Would the court approve of a ‘Patriotism Assessment Response Team’?
UI’s bare “promises that it respects the free-speech rights of its students” are not enough to meet the requirements of the First Amendment, which “demands far more scrutiny,” Speech First says.
The same goes for the no-contact directive, which gives the university “blanket authority to issue” an order whenever an official believes it is “warranted,” regardless of protected speech.
Speech First claims that as UI changed the flyer policy only to avoid getting sued, it has since raised the university’s burden to prove “that the change was genuine.” The current revision “is not binding on current or future University officials,” and reinstating the old policy “requires nothing more than a recommendation from a University committee and approval by the Chancellor.”
Bruce wrongly declined to issue a preliminary injunction based on a misreading of the situation, which the judge claimed was missing a “credible threat of enforcement,” the appeal argues at length.
Its UI student members satisfy this First Amendment test: They “reasonably fear the consequences” of engaging in speech that is “deemed biased.” That includes everything from the Bias Assessment Response Team reaching out to seek “voluntary” dialogue and “corrective actions,” to the referral of the incident to the Office for Student Conflict Resolution or police, to BART publicizing the “details about the allegations” on its website.
Imagine if a university had created a “Patriotism Assessment Response Team” after the Sept. 11 terrorist attacks, Speech First asked the 7th Circuit. Students who witnessed “anti-American incidents” on campus could report them to this hypothetical team and “receive counseling and support about how to cope with unpatriotic actions.”

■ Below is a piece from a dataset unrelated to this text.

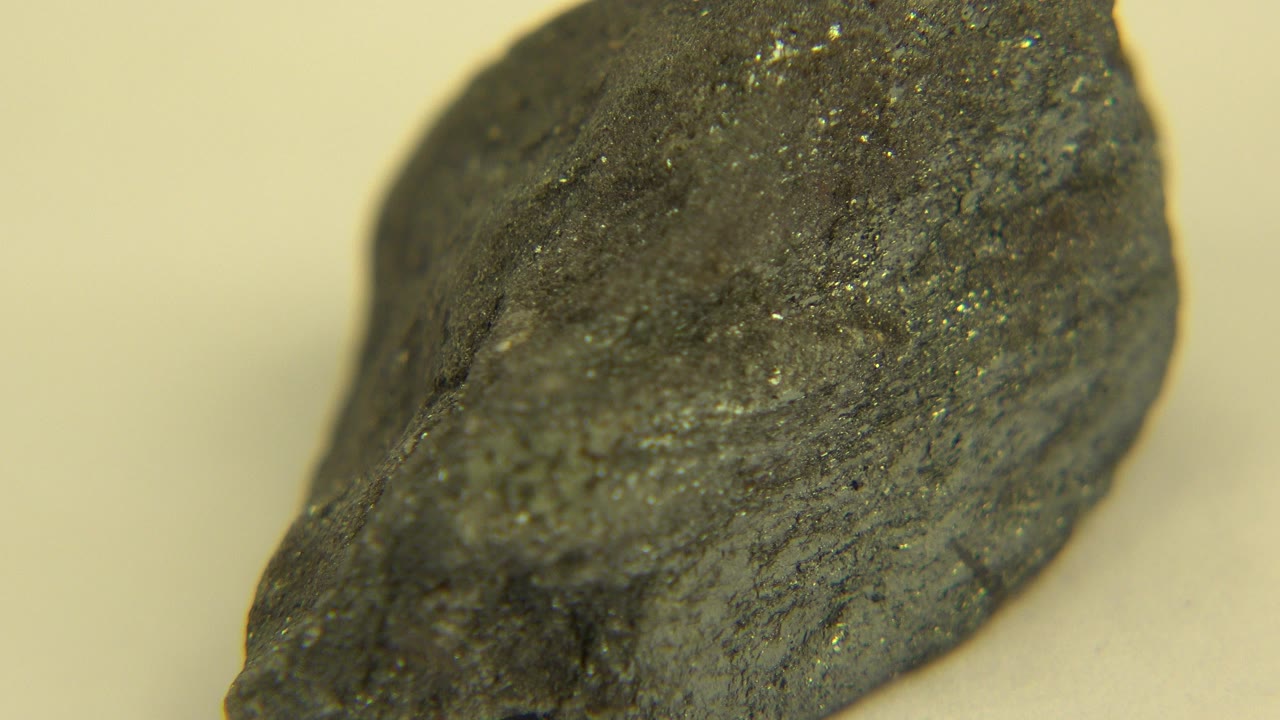 A dark rough rock sits in tight close-up on a cream tabletop in Westminster, Colorado, with faint crystal flecks visible and no visible people.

The 7th Circuit surely would not allow such an entity to exist under the First Amendment, which is why the existing bias response systems should be disbanded, Speech First says.
There is no need for the lower court to conduct a “fresh examination” of the issue under the 7th Circuit’s own First Amendment precedents, it argues, asking for a final decision from the appeals court.
It’s a slam dunk: Speech First has demonstrated a “likelihood of success on the merits,” and the deprivation of First Amendment freedoms “for even minimal periods of time” constitutes “irreparable injury.” It is “always in the public interest” to issue injunctions protecting First Amendment rights.
Bias teams ‘raise the social cost of expressing certain viewpoints’
The Independent Women’s Law Center and American Council of Trustees and Alumni submitted a joint friend-of-the-court brief. It cites a study from the Foundation for Individual Rights in Education that supports Speech First’s claim that students’ free speech is threatened by bias response teams.
According to the study, in 2016 there were at least “231 publicly disclosed bias response teams at four-year and post-graduate institutions—143 of which were at public institutions such as the University of Illinois.” It estimated that “at least 2.84 million American students” attend schools with “often-anonymous reporting systems monitored by administrators and police officers.”
The brief claims that in “condemning insensitive speech,” bias teams “raise the social cost of expressing certain viewpoints,” which in turn chills protected speech.
Critical students have also “resorted to vandalism to squelch the speech of faculty members.” The brief claims that this behavior “reveals a startling culture of censorship that impedes free and open discussion on American college campuses.”